--- GIVEN INFORMATION Enclosed Below ---

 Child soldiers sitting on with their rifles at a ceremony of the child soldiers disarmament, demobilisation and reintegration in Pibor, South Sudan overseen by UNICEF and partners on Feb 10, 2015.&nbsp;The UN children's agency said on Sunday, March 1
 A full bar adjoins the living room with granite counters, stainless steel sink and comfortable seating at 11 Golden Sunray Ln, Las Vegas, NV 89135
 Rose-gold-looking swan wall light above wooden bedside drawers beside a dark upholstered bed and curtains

--- End of Enclosed GIVEN INFORMATION ---
--- GIVEN INFORMATION Enclosed Below ---

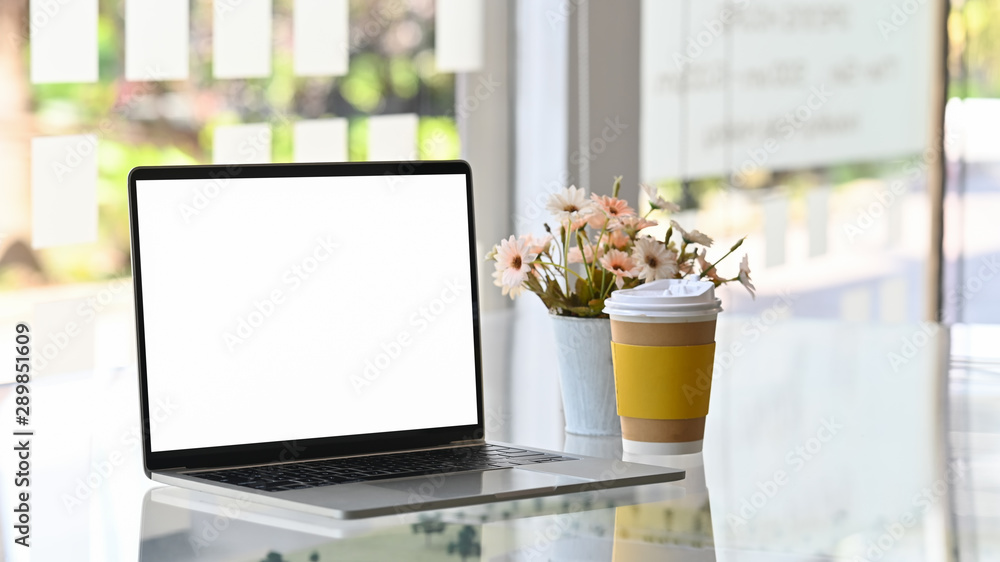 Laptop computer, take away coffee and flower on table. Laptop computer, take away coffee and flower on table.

--- End of Enclosed GIVEN INFORMATION ---
--- GIVEN INFORMATION Enclosed Below ---

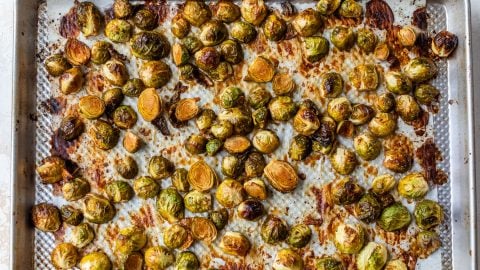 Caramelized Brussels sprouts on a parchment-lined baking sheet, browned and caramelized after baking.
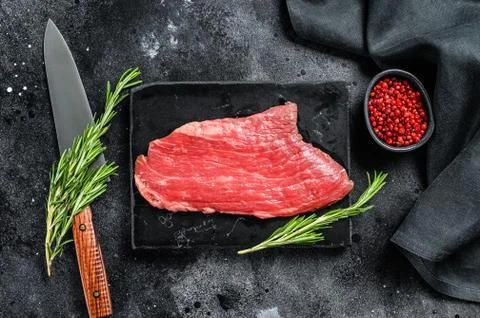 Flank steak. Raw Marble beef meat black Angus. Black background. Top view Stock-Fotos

--- End of Enclosed GIVEN INFORMATION ---

Among the lines above, find those holding "with" and copy each one.

* **RESPONSE**
 Child soldiers sitting on with their rifles at a ceremony of the child soldiers disarmament, demobilisation and reintegration in Pibor, South Sudan overseen by UNICEF and partners on Feb 10, 2015.&nbsp;The UN children's agency said on Sunday, March 1
 A full bar adjoins the living room with granite counters, stainless steel sink and comfortable seating at 11 Golden Sunray Ln, Las Vegas, NV 89135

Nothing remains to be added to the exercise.